* **Assignment**
Leaving out the pictures, please reproduce exactly and only the lines from the one that contains "Material escolar 2025: veja" through the last line below.

* **Dataset extract**
"""

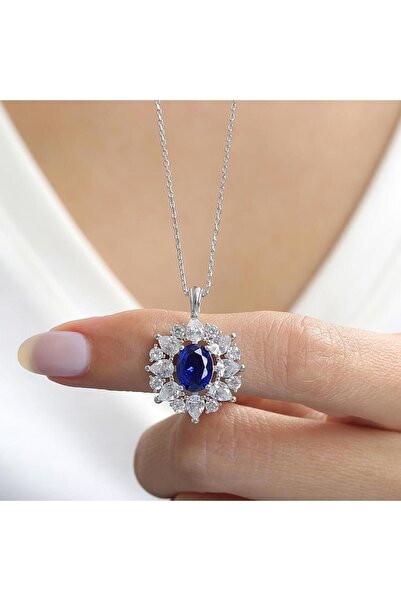 Effective Diamond Paris Işıltısı Sentetik Safir Taşlı Gümüş Kolye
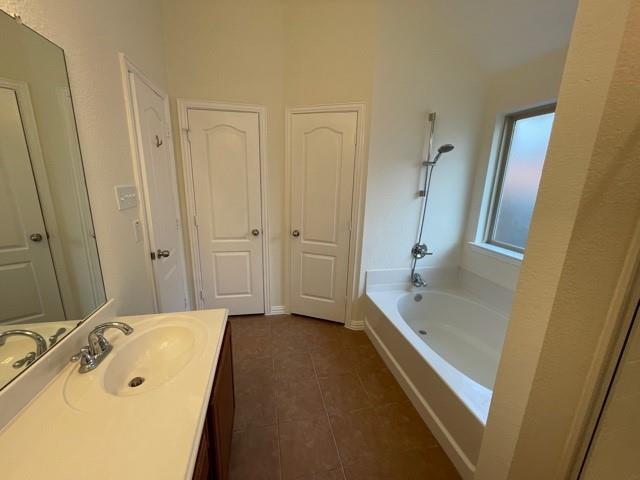 Building Photo - 1601 White Willow Ln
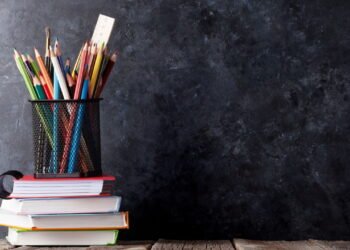 Material escolar 2025: veja dicas de como economizar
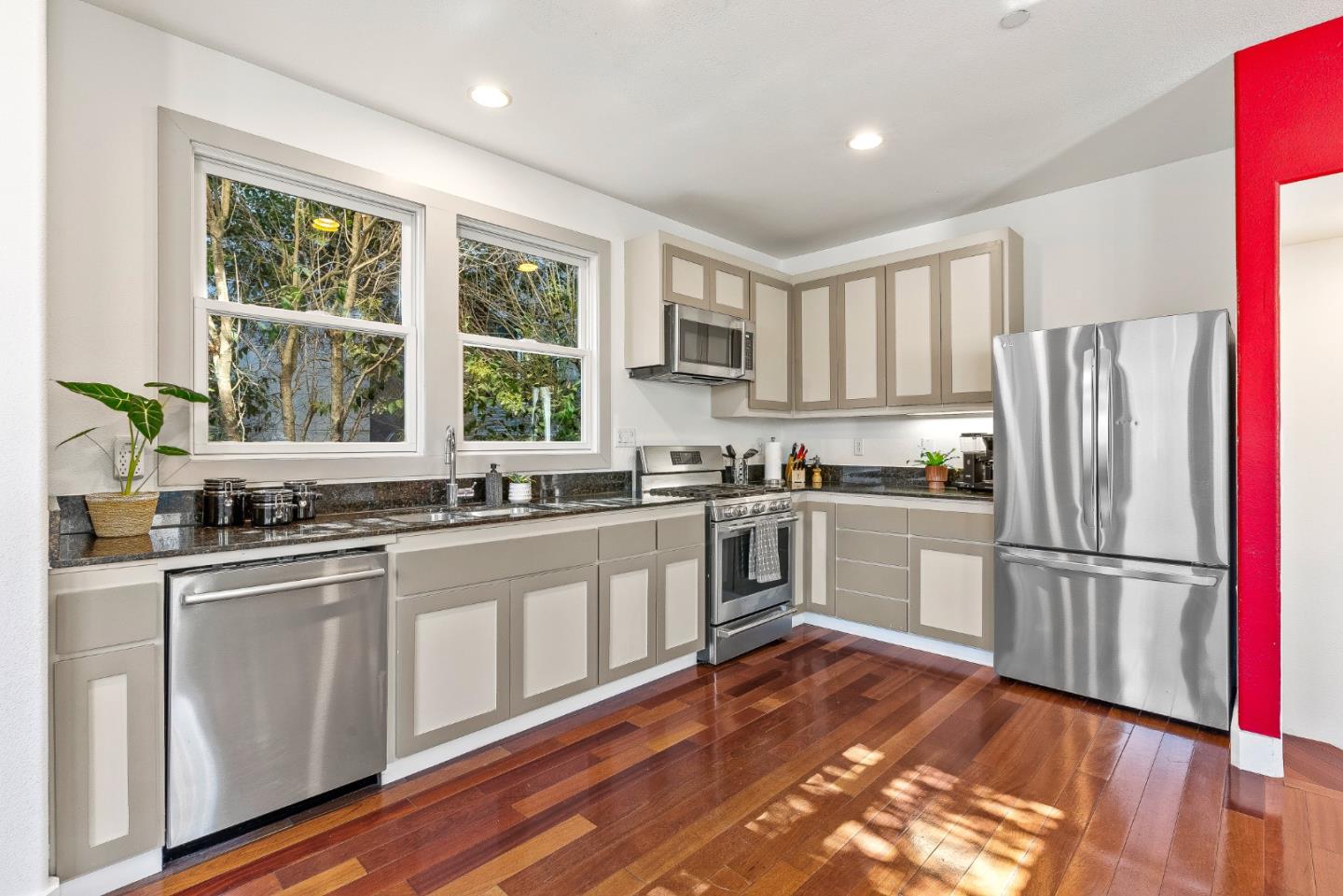 Detail Gallery Image 11 of 37 For 411 Broadway #B,  Santa Cruz,  CA 95060 - 3 Beds | 2 Baths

"""

* **Written answer**
 Material escolar 2025: veja dicas de como economizar
 Detail Gallery Image 11 of 37 For 411 Broadway #B,  Santa Cruz,  CA 95060 - 3 Beds | 2 Baths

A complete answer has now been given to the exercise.